Every time I upgrade an OS ... every single time ...
By joe
- 2 minutes read - 272 wordsJava and its connection to browsers break. Now normally, I wouldn’t care, as I don’t personally have a very high opinion of the be-all-and-end-all language/system known as java. Its overly verbose, under performing, and doesn’t play well with any operating system. Copy/paste buffers … well, there is a whole huge litany of issues with it, and I am not even remotely the only one who has them. Updated desktop OS. Now at Ubuntu 10.04.1 from 8.10. I waited until the NVidia stuff was fixed. Now … reload acrobat. Annoying, but it works.
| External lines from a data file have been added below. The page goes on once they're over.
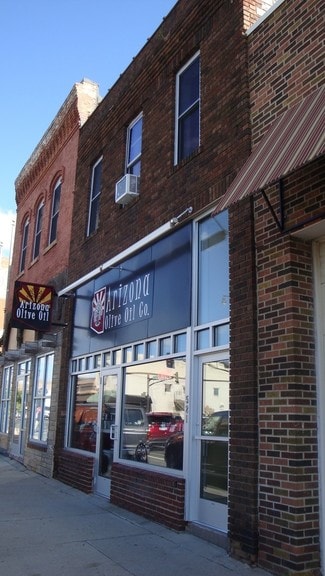 Mankato, MN Storefront Retail/Office - 521-523 N Riverfront Dr Mankato, MN Storefront Retail/Office - 521-523 N Riverfront Dr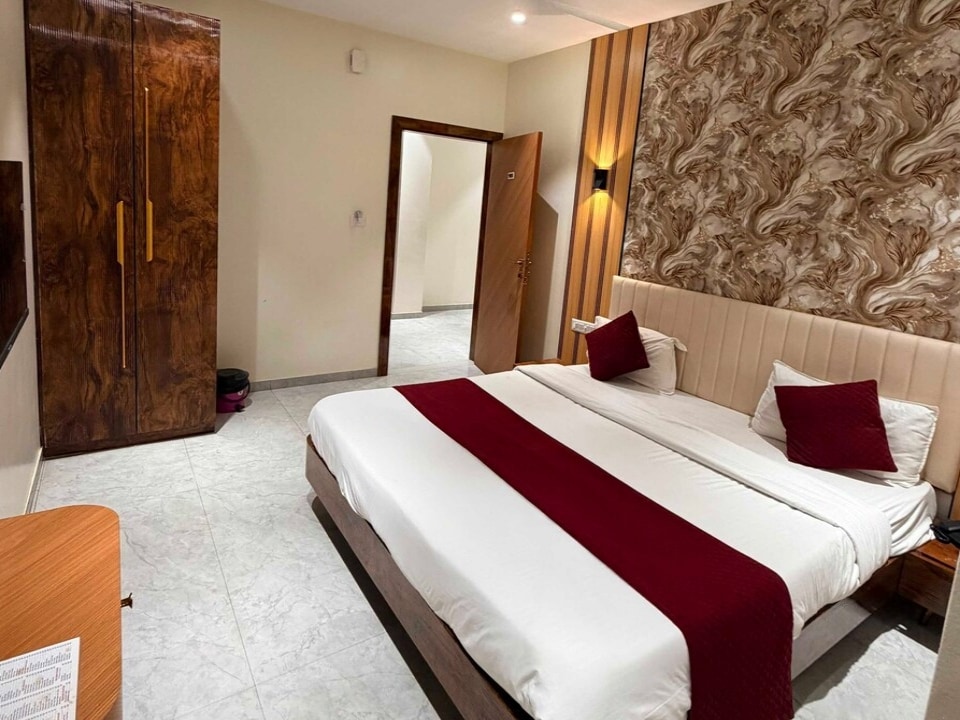 Hotel Riveria - Blue Lagoon, Mahabaleshwar, Mahabaleshwar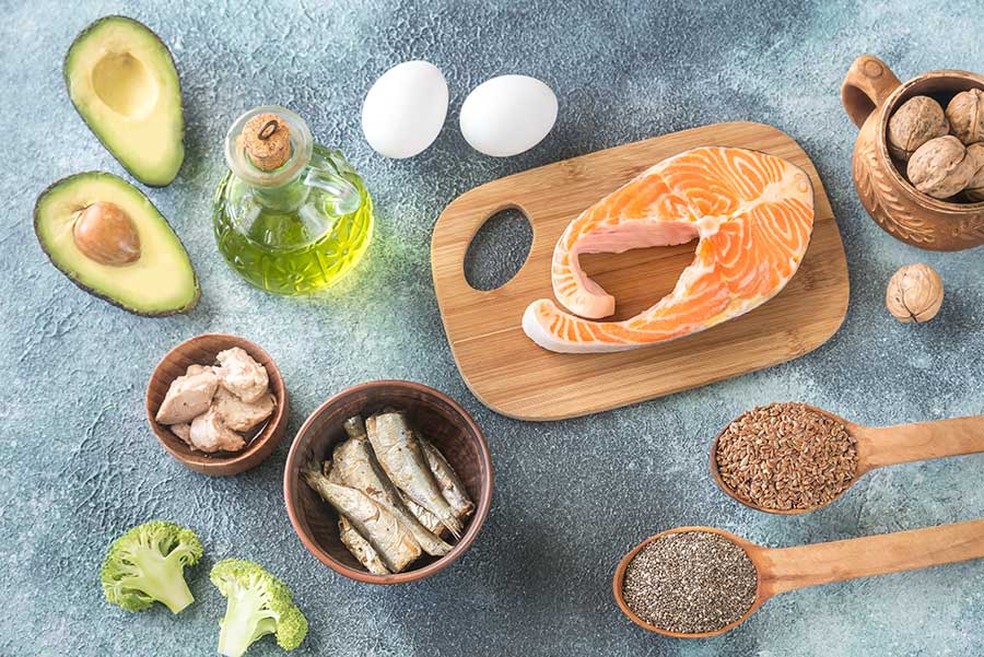 Alimentos que controlam o colesterol alto: sardinha, chia e maçã são aliados — Foto: Shutterstock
Flash, works. Chromium, works. Java, doesn’t work. Not in any browser (Chromium, FF3, FF2, Icecat32 (ff2 in 32 bit mode), …). Download JRE and put the plugin softlinks. Download another. And another. No dice, doesn’t work. Distro supported IcedTea JDK, doesn’t work. Never has, but thats another issue. There is a common theme here … I am just missing it … We have a business dependency upon java for the moment, in terms of the remote terminal applications. At some point … at some point we have to call it as being more trouble than its worth. I am rapidly approaching that point. Java, the write once run anywhere language, does not appear to even approach this. Installation should be trivial, and browsers should just work with it. Copy/paste should be seamless with the underlying OS, and it should use the native OSes own windowing hints, buttons, fonts. None of this is the case. I am getting awful tired of this not-invented-here approach, and we-know-better implementation. When the pain exceeds the utility, it won’t be used. Its pretty darned close.